For twelve years, GSR didn't need anyone.
No venture capital. No strategic investors. No bank partners. Just a team of ex-Goldman Sachs traders, a Singapore office, and a quiet obsession with making crypto markets function.
While the rest of the industry launched tokens and raised rounds at absurd valuations, GSR did something less glamorous and far more valuable providing the liquidity that made all of it possible. By the time Standard Chartered showed up, GSR had traded over $1 trillion in volume, built relationships with more than 300 liquidity partners, and become one of the most important firms most people in crypto had never heard of.
On Monday, SC Ventures Standard Chartered's venture arm took a strategic stake in GSR at a valuation above $1 billion. The firm's first outside investment in twelve years. For a 160-year-old bank with $300 billion in assets, it was the most direct statement yet about where it thinks the next era of finance gets built.
The deal didn't come from nowhere. In April, GSR invested in Libeara, a tokenisation platform backed by SC Ventures that has already processed over $1 billion in real-world assets. Cross-investments between two firms weeks before an equity announcement are rarely coincidental.
This one wasn't. What Standard Chartered is buying isn't a trading app. It's the infrastructure underneath every institutional crypto trade the bid, the ask, the spread, the settlement. In March GSR acquired two token advisory firms for $57 million, giving it end-to-end capabilities from pre-launch strategy to post-listing market making. It launched a multi-asset crypto ETF on Nasdaq. It holds regulatory licences from the FCA and MAS. Twelve years of keeping its head down and suddenly GSR is everywhere at once.
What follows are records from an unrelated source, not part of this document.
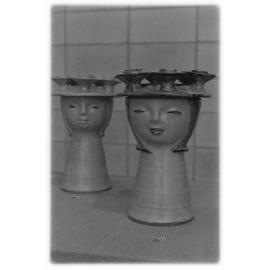 Pottery display at Dowse Art Gallery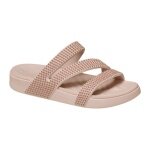 Crocs Sandale Getaway Gems Strappy Quartz hellbraun - Damen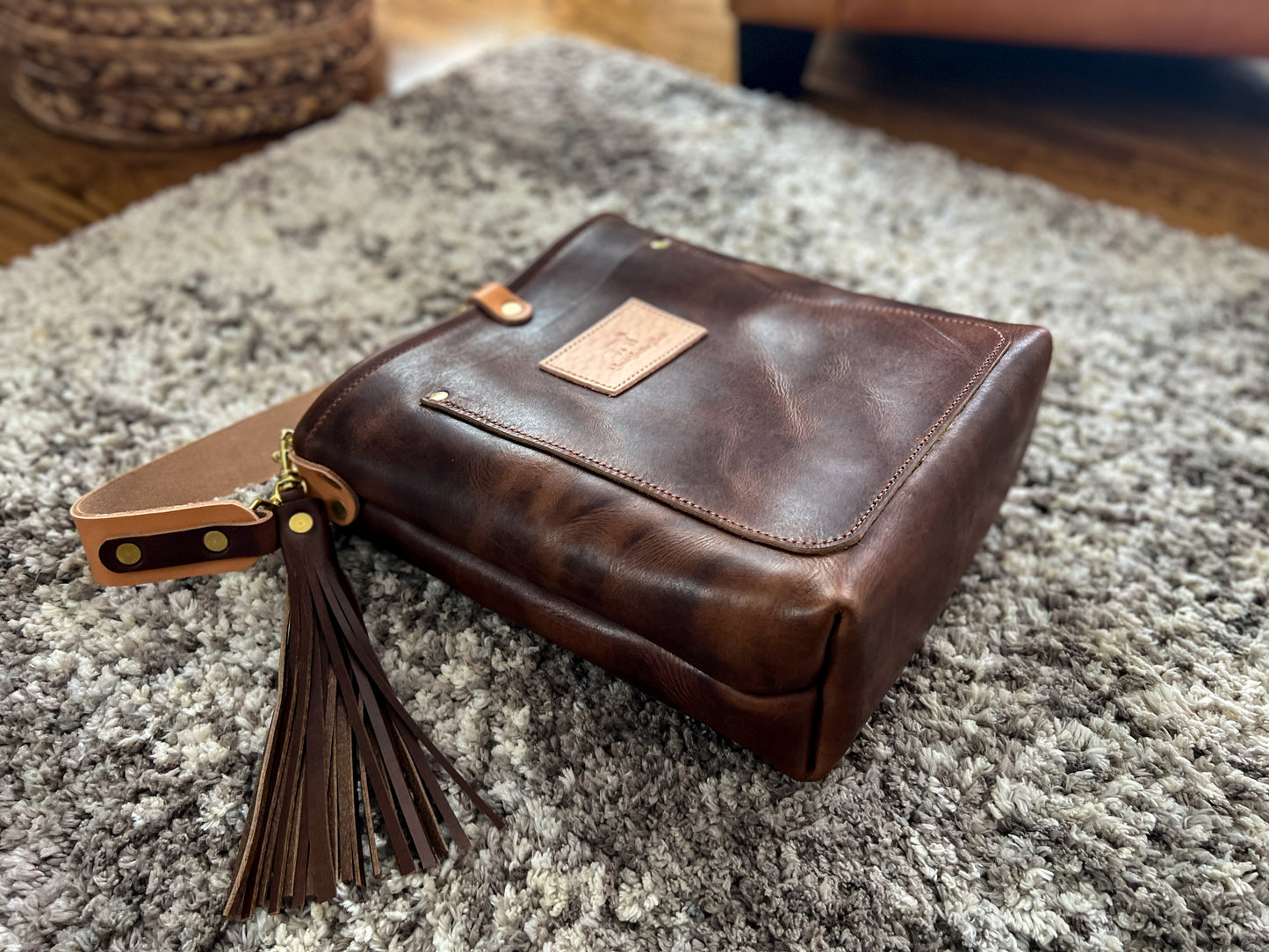 Bennett Bucket in Horween Nut Brown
GSR is now raising up to $150 million more from additional strategic investors. Standard Chartered is the anchor.
SC Ventures has also backed rival market maker Keyrock and is planning a $250 million digital asset fund later this year. This isn't a single bet. It's a methodical acquisition of crypto's invisible layer before the next wave of institutional capital arrives and those positions become either unavailable or unaffordable.
For twelve years GSR provided the expertise and asked for nothing in return. Standard Chartered decided that arrangement was worth $1 billion. They're probably right.